AJR  Features
From AJR,   April 2003

The Crowded Bus   

Cable TV, the Internet, a massive media presence and a front-loaded primary schedule have dramatically changed the pace and tenor of presidential campaign coverage. There’s no such thing as “off-Broadway” anymore.

By Rachel Smolkin
     


In early 1968, Republican presidential candidate George Romney walked into a New Hampshire gun and sporting goods store and started arguing with the owner about the merits of a modest gun registration system. The Associated Press' Walter Mears and five other print reporters clustered unobtrusively by the counter, watching delightedly as politician and businessman sparred for half an hour.

Twenty-eight years later, Republican presidential candidate Lamar Alexander, clad in plaid, entered a New Hampshire fish and tackle store. Mears again shadowed the candidate, but this time observing the man's common touch was no easy task. So many reporters and television camera crews were trailing Alexander that the media mob couldn't squeeze into the store. A press pool was designated, and several minutes later someone appeared in the cold to deliver a solemn report about the brand of tackle Alexander had examined--a descent into absurdity that struck Mears as "hilarious."

"The way it's become now, the media crowd is such that it smothers the story," says Mears, who has retired from the campaign trail and sifted through 40 years of memories for his book "Deadlines Past," due out in October. "The story can't happen except as it involves candidates and the media."

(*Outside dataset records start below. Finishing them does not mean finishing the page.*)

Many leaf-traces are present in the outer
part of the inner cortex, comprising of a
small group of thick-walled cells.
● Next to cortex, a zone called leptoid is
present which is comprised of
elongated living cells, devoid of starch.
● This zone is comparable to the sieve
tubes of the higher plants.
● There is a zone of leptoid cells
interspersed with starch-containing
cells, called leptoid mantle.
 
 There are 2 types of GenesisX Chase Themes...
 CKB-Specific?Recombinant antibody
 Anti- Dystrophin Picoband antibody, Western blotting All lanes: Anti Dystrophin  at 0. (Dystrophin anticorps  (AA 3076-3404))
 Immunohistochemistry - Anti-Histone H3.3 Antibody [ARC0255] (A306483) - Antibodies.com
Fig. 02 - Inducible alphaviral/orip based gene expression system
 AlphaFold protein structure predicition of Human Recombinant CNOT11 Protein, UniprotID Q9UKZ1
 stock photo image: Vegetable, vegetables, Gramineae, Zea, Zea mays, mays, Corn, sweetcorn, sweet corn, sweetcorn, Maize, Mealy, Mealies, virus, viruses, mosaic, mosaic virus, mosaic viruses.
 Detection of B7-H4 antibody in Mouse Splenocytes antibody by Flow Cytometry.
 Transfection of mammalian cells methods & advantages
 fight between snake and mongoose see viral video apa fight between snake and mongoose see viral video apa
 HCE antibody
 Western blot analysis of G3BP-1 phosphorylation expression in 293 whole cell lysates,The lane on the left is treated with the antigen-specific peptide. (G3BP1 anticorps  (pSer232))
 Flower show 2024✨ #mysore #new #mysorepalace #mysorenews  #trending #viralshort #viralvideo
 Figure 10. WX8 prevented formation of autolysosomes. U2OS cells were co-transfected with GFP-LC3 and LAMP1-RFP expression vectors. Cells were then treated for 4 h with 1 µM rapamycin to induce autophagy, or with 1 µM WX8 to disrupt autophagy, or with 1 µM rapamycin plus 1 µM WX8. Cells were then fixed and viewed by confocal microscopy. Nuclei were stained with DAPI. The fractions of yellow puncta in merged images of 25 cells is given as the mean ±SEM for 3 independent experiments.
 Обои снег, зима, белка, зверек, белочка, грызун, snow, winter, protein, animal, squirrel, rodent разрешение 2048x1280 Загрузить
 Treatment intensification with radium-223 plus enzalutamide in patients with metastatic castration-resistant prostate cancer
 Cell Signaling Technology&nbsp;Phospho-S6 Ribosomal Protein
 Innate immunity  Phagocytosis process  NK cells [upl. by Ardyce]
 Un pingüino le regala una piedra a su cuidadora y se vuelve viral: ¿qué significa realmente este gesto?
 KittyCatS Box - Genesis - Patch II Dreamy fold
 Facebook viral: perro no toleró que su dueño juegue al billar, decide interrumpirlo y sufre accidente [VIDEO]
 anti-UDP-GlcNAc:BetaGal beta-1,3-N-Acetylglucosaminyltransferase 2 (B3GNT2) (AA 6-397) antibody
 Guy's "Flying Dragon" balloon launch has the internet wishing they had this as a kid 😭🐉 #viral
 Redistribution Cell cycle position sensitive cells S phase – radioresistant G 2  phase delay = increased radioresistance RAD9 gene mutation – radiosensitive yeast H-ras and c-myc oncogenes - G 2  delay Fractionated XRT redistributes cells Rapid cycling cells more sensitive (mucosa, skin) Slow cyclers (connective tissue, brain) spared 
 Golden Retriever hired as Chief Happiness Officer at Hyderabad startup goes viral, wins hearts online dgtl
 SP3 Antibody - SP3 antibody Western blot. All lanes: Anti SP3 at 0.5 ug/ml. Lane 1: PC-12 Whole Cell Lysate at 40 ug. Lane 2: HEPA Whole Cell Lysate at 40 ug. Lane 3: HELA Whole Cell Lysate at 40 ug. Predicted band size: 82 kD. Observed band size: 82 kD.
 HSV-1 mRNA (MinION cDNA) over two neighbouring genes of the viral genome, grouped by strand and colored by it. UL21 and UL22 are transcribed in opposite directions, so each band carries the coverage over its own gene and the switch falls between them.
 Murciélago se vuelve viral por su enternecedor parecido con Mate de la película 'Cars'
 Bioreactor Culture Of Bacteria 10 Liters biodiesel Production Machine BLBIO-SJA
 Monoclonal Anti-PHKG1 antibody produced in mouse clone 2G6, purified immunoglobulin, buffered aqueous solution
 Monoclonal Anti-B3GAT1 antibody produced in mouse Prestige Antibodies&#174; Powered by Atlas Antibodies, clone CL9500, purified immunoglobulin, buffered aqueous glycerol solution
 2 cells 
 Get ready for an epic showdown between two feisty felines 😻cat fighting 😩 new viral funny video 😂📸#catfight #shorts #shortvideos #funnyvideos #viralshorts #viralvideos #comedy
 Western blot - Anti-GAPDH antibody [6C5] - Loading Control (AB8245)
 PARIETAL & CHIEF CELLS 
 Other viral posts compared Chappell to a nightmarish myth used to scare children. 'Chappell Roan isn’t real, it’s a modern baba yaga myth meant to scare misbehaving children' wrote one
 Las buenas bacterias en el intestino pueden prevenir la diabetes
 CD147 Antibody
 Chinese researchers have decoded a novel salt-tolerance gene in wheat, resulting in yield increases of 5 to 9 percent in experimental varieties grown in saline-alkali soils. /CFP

As the 2004 presidential race gears up, the media will confront the challenges of gaining sustained access to candidates and distilling reams of information into meaningful stories while trying to avoid instigating those stories. Reporters will face those demands during an intense election cycle when early fundraising needs, a crowded Democratic field and an accelerated primary season have launched the presidential contest and the accompanying media coverage long before voters are paying attention.

Over the past three decades, the pack of reporters tracking presidential campaigns has ballooned beyond the clubby fraternity Timothy Crouse bared so wittily and wickedly in his classic book on the 1972 campaign, "The Boys on the Bus." Somewhere along the way, as the ranks of campaign reporters swelled with broadcast journalists and cable reporters, as Watergate whet a generation of reporters' appetites for scandal and Vietnam soured relations between politicians and the press, presidential candidates became more shrouded by image handlers and message makers.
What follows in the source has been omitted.